The National Climate Assessment report, the third in the last 14 years, implicitly rejects the anti-science approach of the climate change deniers and the climate "confusionists." It insists upon an evidence-based observation of reality as we are already experiencing it:

"Multiple lines of independent evidence confirm that human activities are the primary cause of the global warming of the past 50 years. The burning of coal, oil, and gas, and clearing of forests have increased the concentration of carbon dioxide in the atmosphere by more than 40 percent since the Industrial Revolution, and it has been known for almost two centuries that this carbon dioxide traps heat.
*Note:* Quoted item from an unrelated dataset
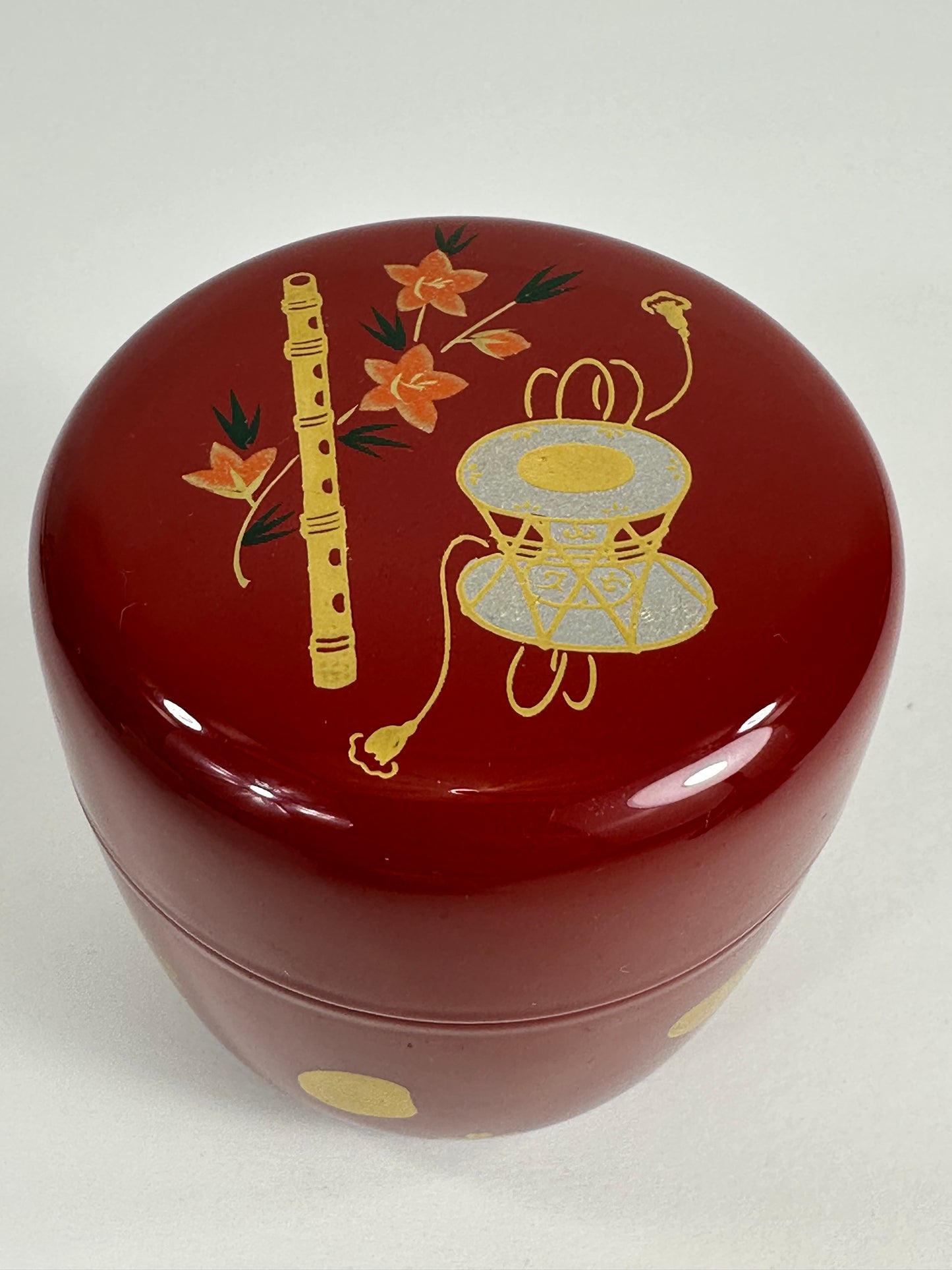 Japanese Tea Ceremony Natsume Red Lacquer Flute & Drum Gold Maki-e 3”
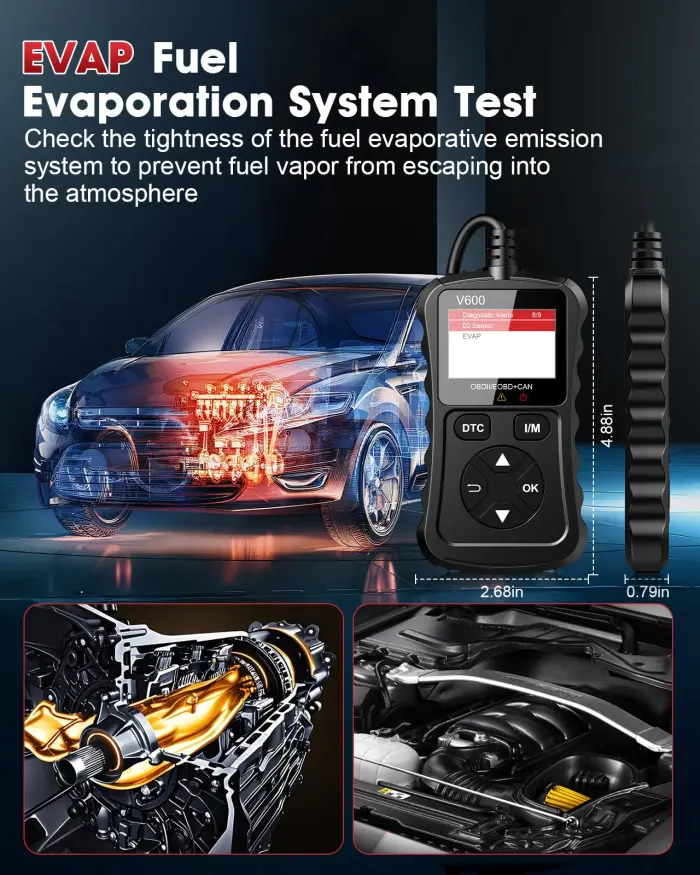 XIAUODO OBD2 Scanner Car Code Reader Support Voltage Test Plug and Play Fixd Car CAN Diagnostic Scan Tool Read and Clear Engine Error Codes for All OBDII Protocol Vehicles Since 1996（Black） - Image 2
Methane and nitrous oxide emissions from agriculture and other human activities add to the atmospheric burden of heat-trapping gases."

While Republicans and coal-state Democrats have obstructed all efforts to develop a national response to climate change, many cities and states are beginning to make policy shifts to decrease greenhouse gas emissions, and to adjust to the changes now upon us.

While this assessment focuses on the science, on the observed changes in process, and on public policy changes for policy makers to consider, it does not deal with the many different and growing struggles taking place on environmental and climate issues.

The struggle against the Keystone XL pipeline is bringing together unique coalitions such as the Cowboy and Indian Alliance that recently sponsored a week of actions in Washington D.C. Farmers, Native American tribes, and environmental groups are uniting to oppose the interests of the big energy corporations, which propose to trample on the land these groups depend on.

Anti-fracking struggles are taking place in many parts of the country, opposing the threats to our drinking water systems, the increases in earthquakes due to fracking, and the devastation wreaked on nearby communities.

The movement to demand that cities, states, pension funds, and university endowment funds divest from fossil fuel companies got a boost from the decision this week by Stanford University to withdraw all of its funds from fossil fuel "investments." The divestment movement, already successful at several major universities and cities such as Seattle, is growing internationally. 350.org is coordinating these efforts here in the U.S. and working with many organizations worldwide to put the fossil fuel companies on notice that they will pay political, public relations, and economic prices for their profit-taking on production destructive of our common future.

The assessment says, "Adaptation and mitigation are closely linked; adaptation efforts will be more difficult, more costly, and less likely to succeed if significant mitigation actions are not taken." Action must be taken on the individual, city, regional, national, and international levels if humanity as a whole is to avoid the worst consequences of global warming which will occur if there isn't a change from business as usual. The sooner we act, the cheaper and more effective our policy responses will be.

As millions or people around the world engage in struggle on climate issues, they are bringing democratic pressure to bear on those who want to confuse us, who want to delay collective action so their private interests can continue to make excess profits.